■ Extracted records:

+===+

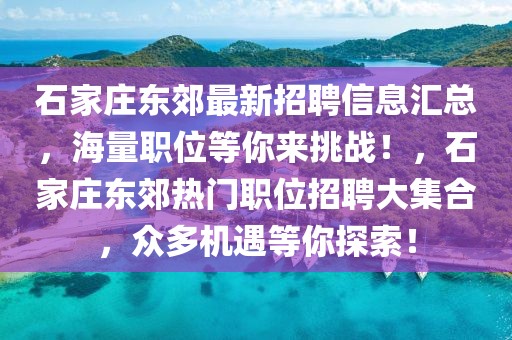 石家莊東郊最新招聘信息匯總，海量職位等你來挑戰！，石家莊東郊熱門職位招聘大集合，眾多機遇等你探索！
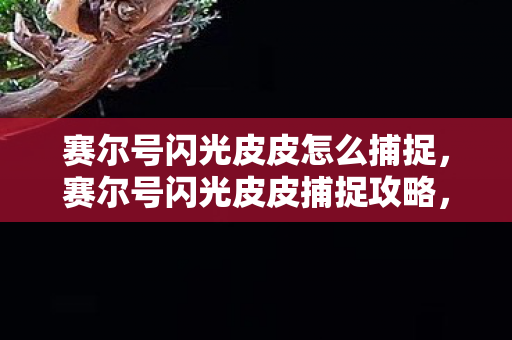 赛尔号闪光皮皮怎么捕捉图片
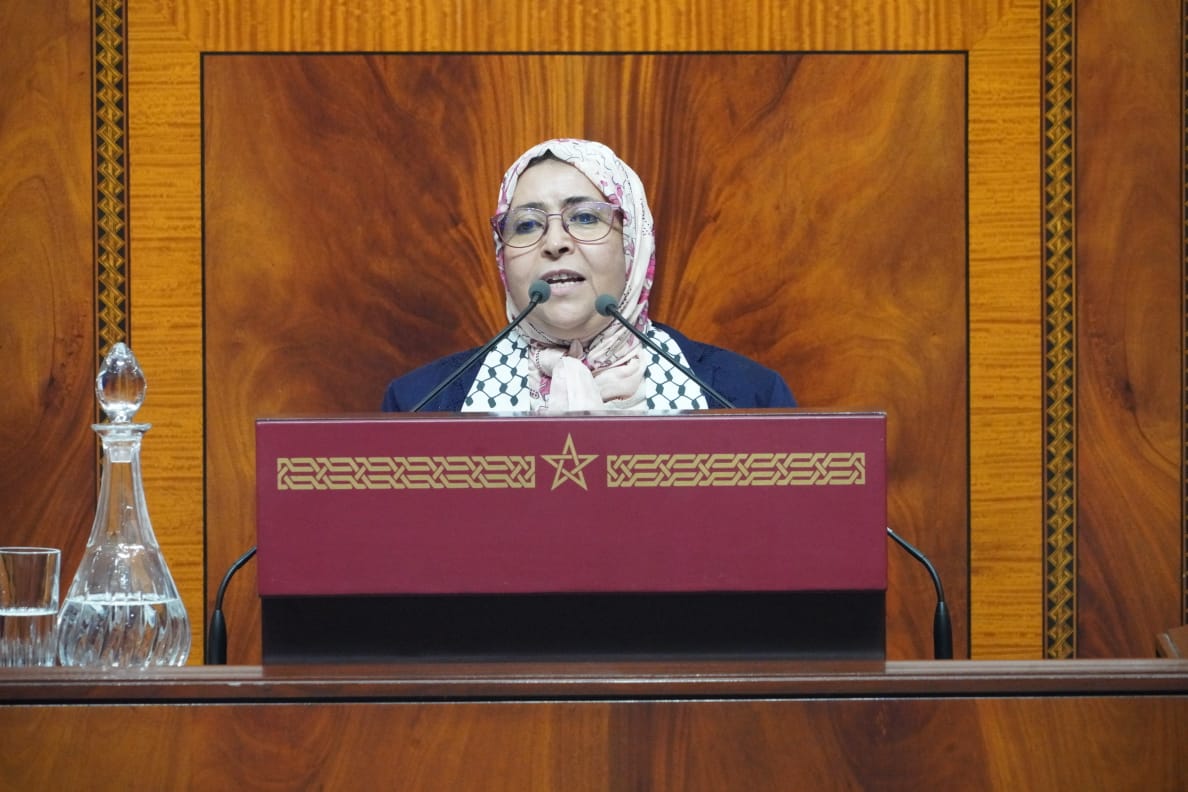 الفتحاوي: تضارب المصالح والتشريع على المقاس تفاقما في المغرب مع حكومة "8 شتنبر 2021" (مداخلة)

+===+

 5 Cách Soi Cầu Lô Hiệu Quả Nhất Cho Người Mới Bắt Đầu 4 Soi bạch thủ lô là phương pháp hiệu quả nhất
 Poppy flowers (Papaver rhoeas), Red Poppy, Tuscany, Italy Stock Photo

+===+

■ What the task requires:
Transcribe exactly the lines above, beginning at the one with "石家莊東郊最新招聘信息匯總，" and going up to and including the one with "الفتحاوي: تضارب المصالح". Pictures do not belong in the copy.

■ Exercise result:
 石家莊東郊最新招聘信息匯總，海量職位等你來挑戰！，石家莊東郊熱門職位招聘大集合，眾多機遇等你探索！
 赛尔号闪光皮皮怎么捕捉图片
 الفتحاوي: تضارب المصالح والتشريع على المقاس تفاقما في المغرب مع حكومة "8 شتنبر 2021" (مداخلة)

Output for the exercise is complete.